You're there. You're on set. You're ready to hit record, but -- wait.

Are you really sure you're ready? There are a lot of things to prepare for before you actually start recording footage that will ultimately end up in your film, but in this helpful video, Director/Cinematographer Morgan Cooper whittles the list down a little bit to just 5 easy-to-remember things that all filmmakers should do before they press that red button.

In case you couldn't watch the video, here are the 5 things Cooper says you should always check before you hit record:

Check your F.E.W.

F.E.W. stands for:

  • Frame Rate
  • Exposure
  • White Balance

This is the most basic check that all filmmakers should be doing before they start shooting. For some of you, your frame rate won't change as often as your exposure and white balance settings, but checking all three is still important. I can't count how many times I got myself into trouble by not checking these settings -- I learned the hard way that it's pretty difficult to correct shots with a different white balances.

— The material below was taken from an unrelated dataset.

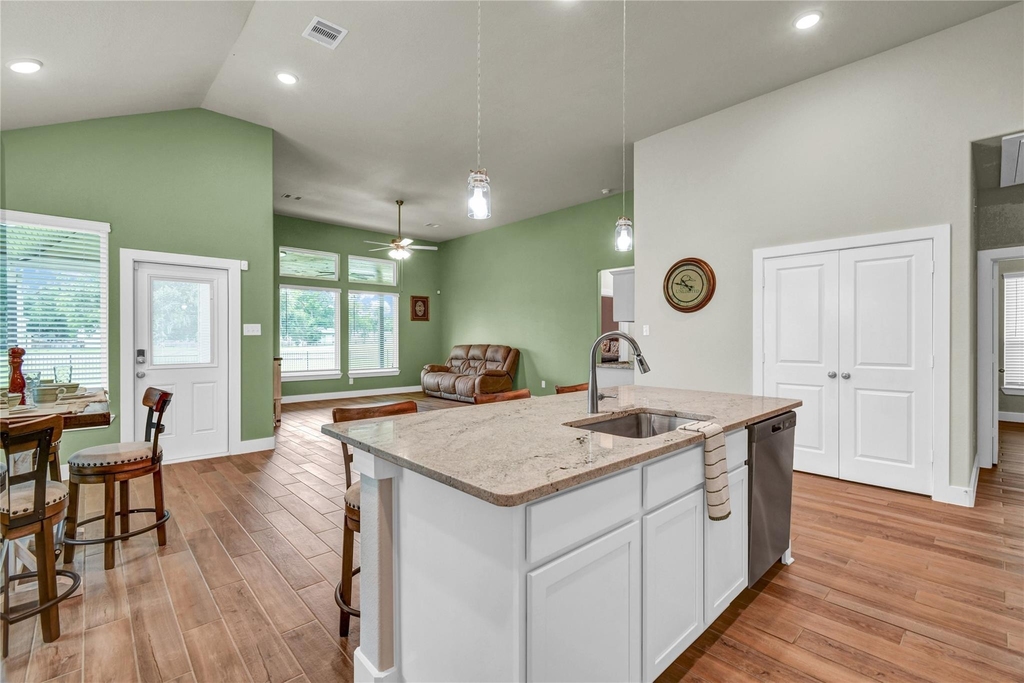 411 S Amherst Drive - Photo 6
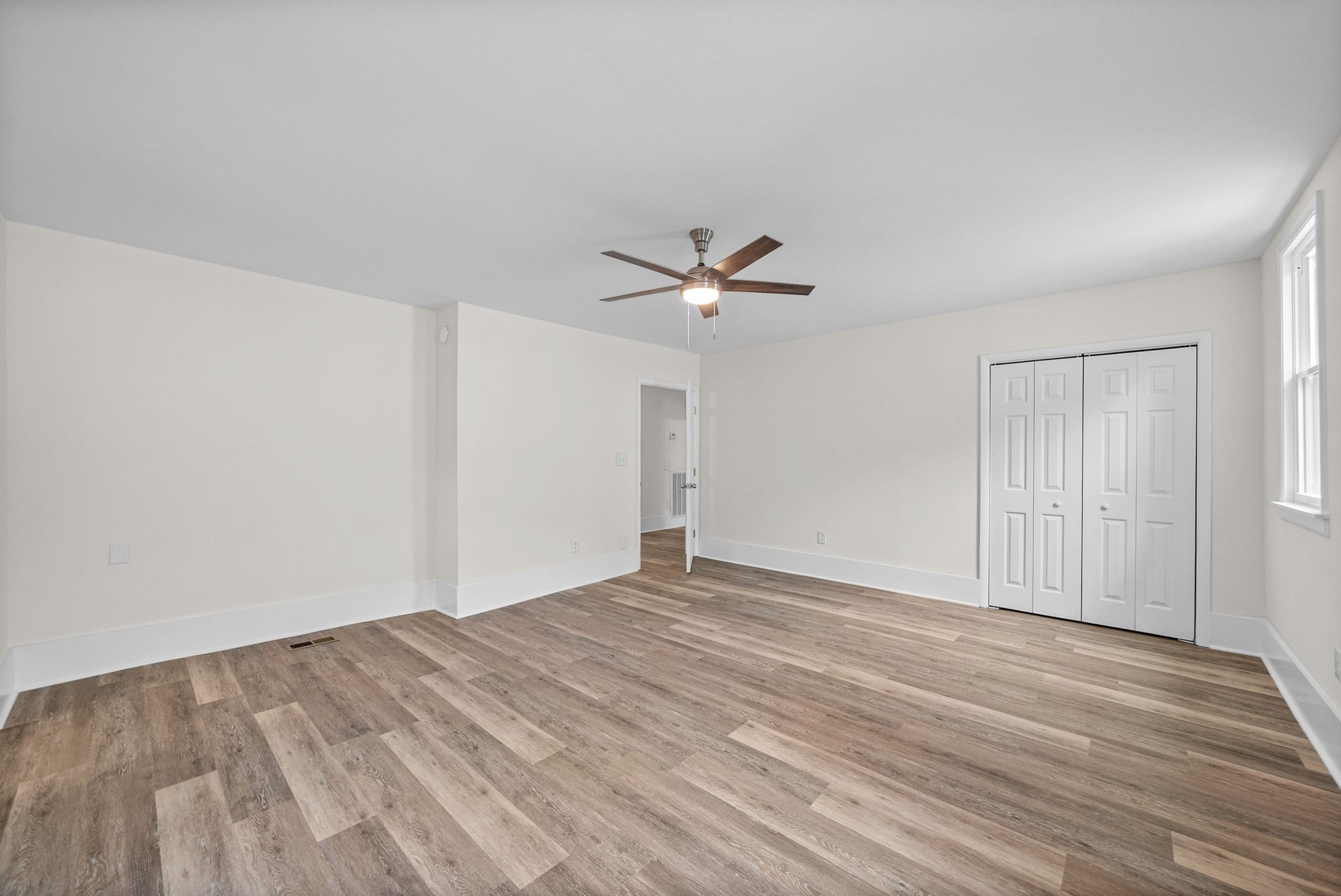 363 Third St Property Photo 24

Check your frame edges and backgrounds

It's easy to put all of your focus on the subject you're shooting, but remember, there's an entire frame that's being filled up and you need to know what it's being filled up with. Do this by checking the edges of your frame, as well as the background, to make sure that there aren't any -- I don't know -- antlers above your subject's head or dog taking a dump behind them or something.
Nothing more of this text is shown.